Wednesday, January 8, 2014

Freud : Creative Writing and Day dreaming

Creative Writing and Daydreaming
The essay “Creative Writers and Daydreaming” suggests Freud's interest in the
relationship between the author and his work. He sees a piece of creative writing as a
continuation or substitute for the play of childhood. Freud also displays some aspects of his
approach to the psychology of the reader. He suggests that the superficial pleasure of the
work releases to deeper psychic pleasure and thereby liberate tensions. Thus, reading a text
is knowing the psyche of the author.
Human beings have innumerable wishes and desires that can't be expressed freely due to
social boundary, morality and other restrictions. The desires remain suppressed in our
unconscious level of mind. Somehow, we try to express those desires and, according to
Freud, there are three ways to do so- Sex, tongue slips and writing.
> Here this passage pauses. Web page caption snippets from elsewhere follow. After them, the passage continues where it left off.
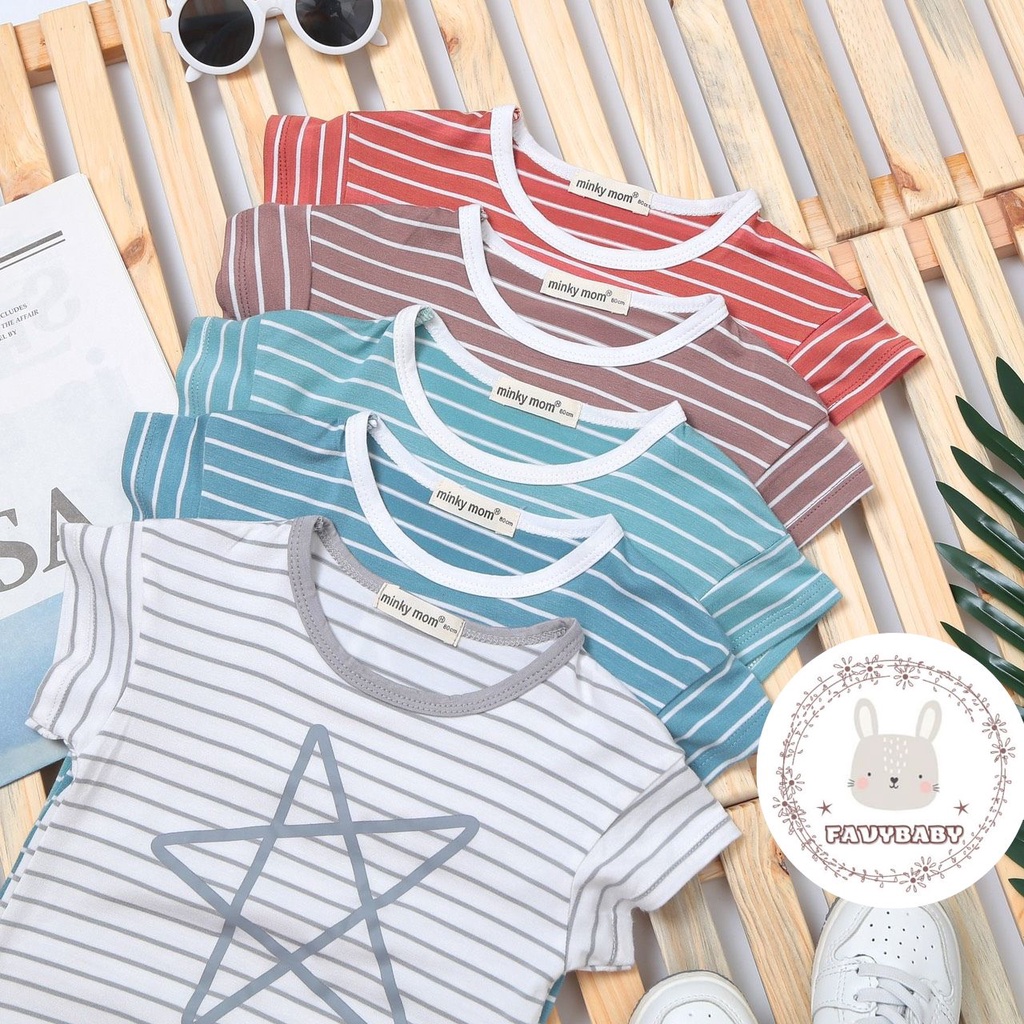 Đồ Bộ MINKY MOM Bé Trai Bé Gái Thun Lạnh Cộc Tay Sọc Dệt Hình Ngôi Sao Cá Tính Trẻ Em 0 1 2 3 4 5 Tuổi - Favybaby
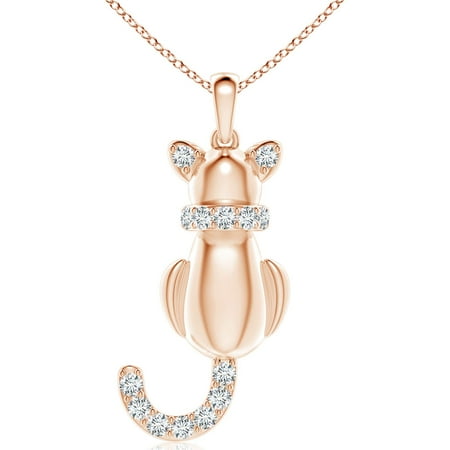 ANGARA IGI Certified Lab Grown 1.04 Ct Diamond Cat Pendant for Women in 14K Rose Gold (Size-2.6mm| Color-F-G| Clarity-VS) | April Birthstone Anniversary Jewelry Gift for Women | Diamond Necklace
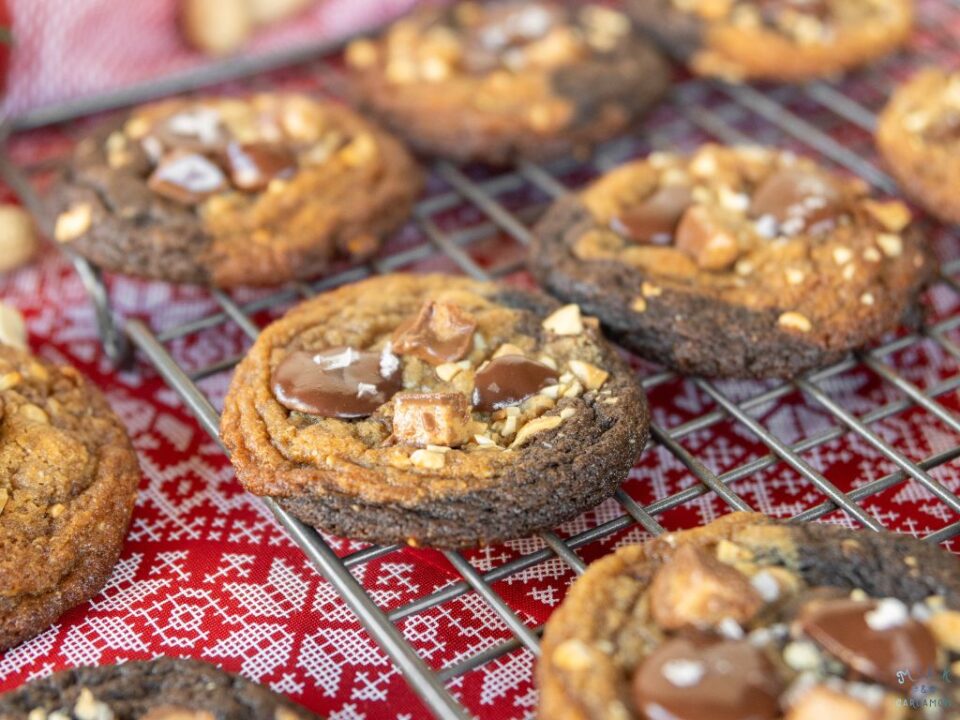 Chewy Peanut Butter Chocolate Swirl Cookies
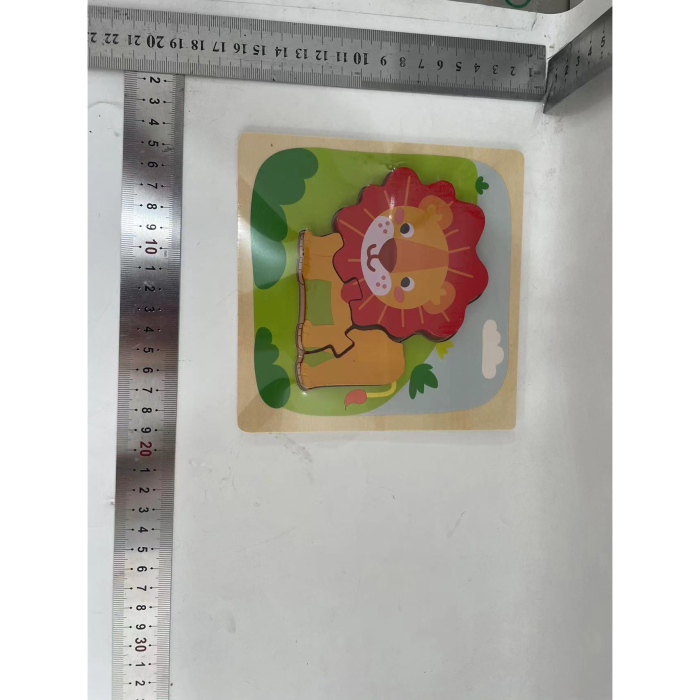 Puzzle Montessori din Lemn pentru Copii, 3D, 0-3 Ani, Model Leu, Educativ, Intuitiv, Creativ, 3 Piese, 15x15x0.5 cm, Multicolor [10]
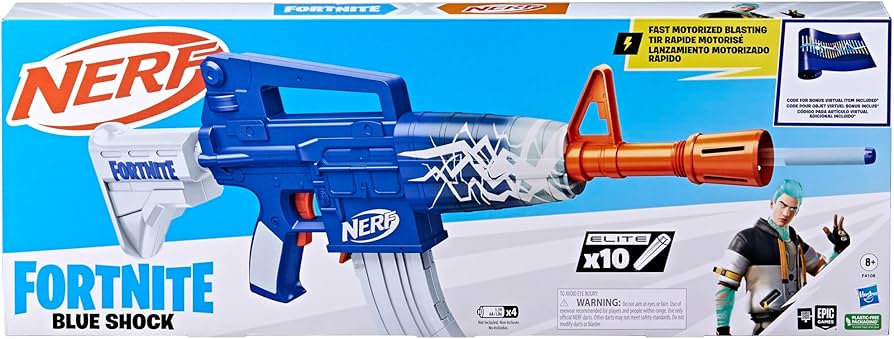 Amazon.co.jp: Nerf Fortnite ブルーショックブラスター、ダーツ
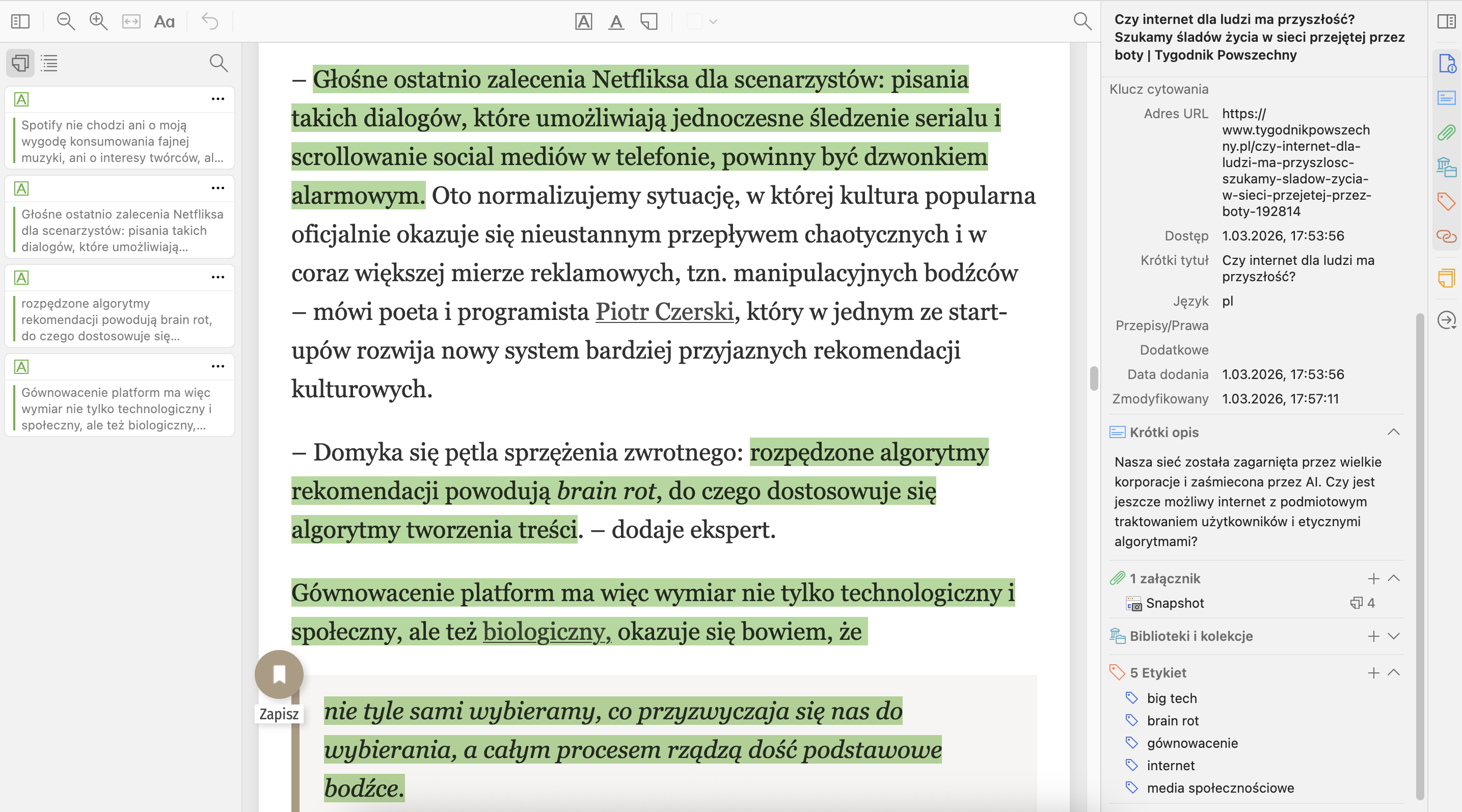 Screen z Zotero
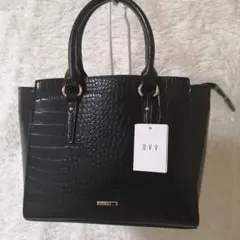 a.v.v クロコダイル型 ショルダーバッグ 2way ベルト付き 黒未使用品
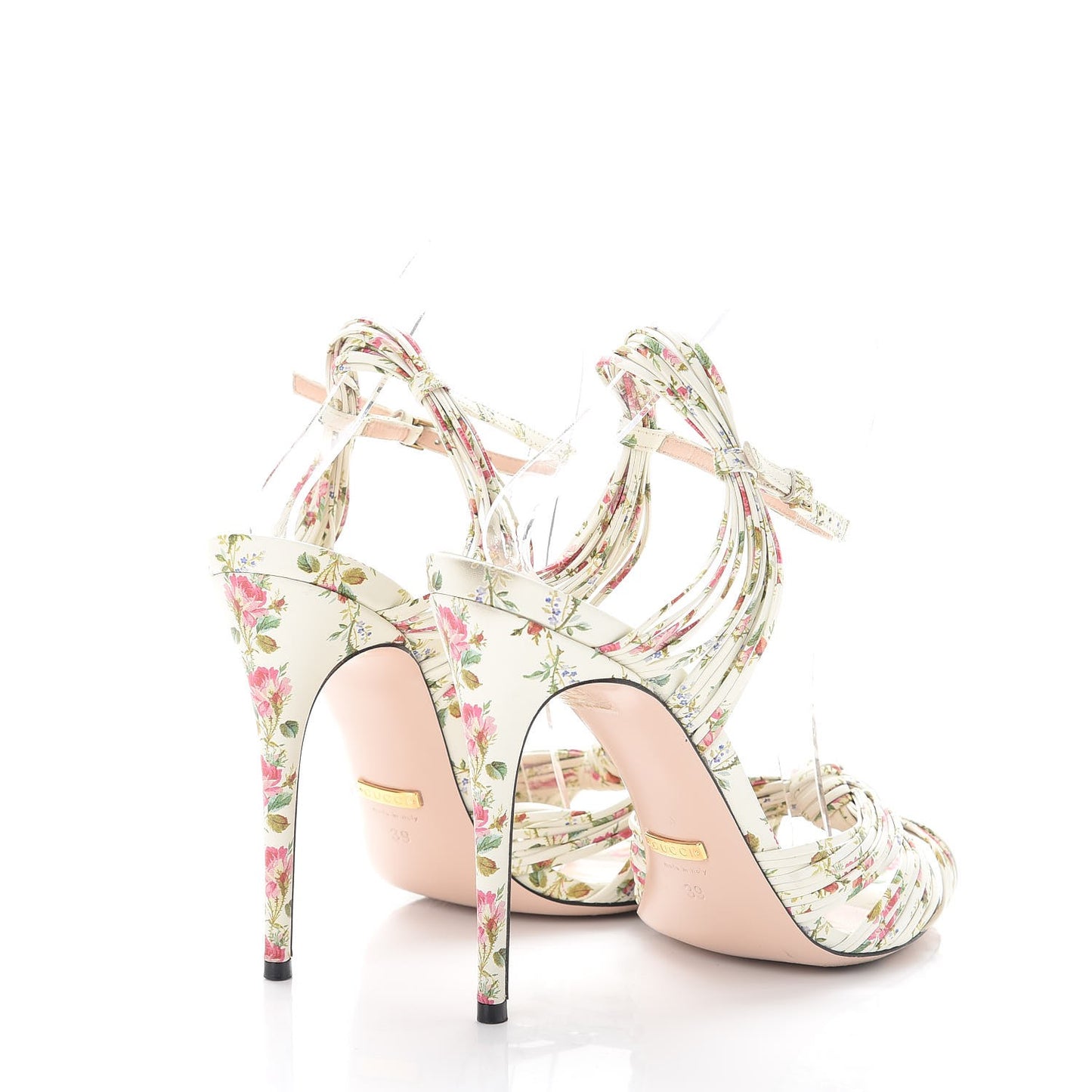 Calfskin Calico Print Allie Sandals 39 Ivory Multicolor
Artists take help of
writing to express his repressed desires of their childhood. He fantasizes and creates
daydreams in place of playing games of their childhood. Through writing, the author
expresses his desires. He remembers his golden past and wants to express the experience of
the past in the present but can't do so. Therefore, he fantasizes and manifests his wishes in
the form of art.
During childhood, a child plays with the mother's body but later on he identifies himself
with fatherly figure, who comes in between mother and child , and the bodily unity with the
mother is broken but the desire to play with mother's body remains throughout his life.
Children forget their imagination by indulging themselves in games. The writer has nostalgic
towards the blissful past and the same romantic nostalgia becomes immense energy for
creativity. So, there is some sort of similarity between children and writers. Both use their
emotion and imagination seriously in game and writing.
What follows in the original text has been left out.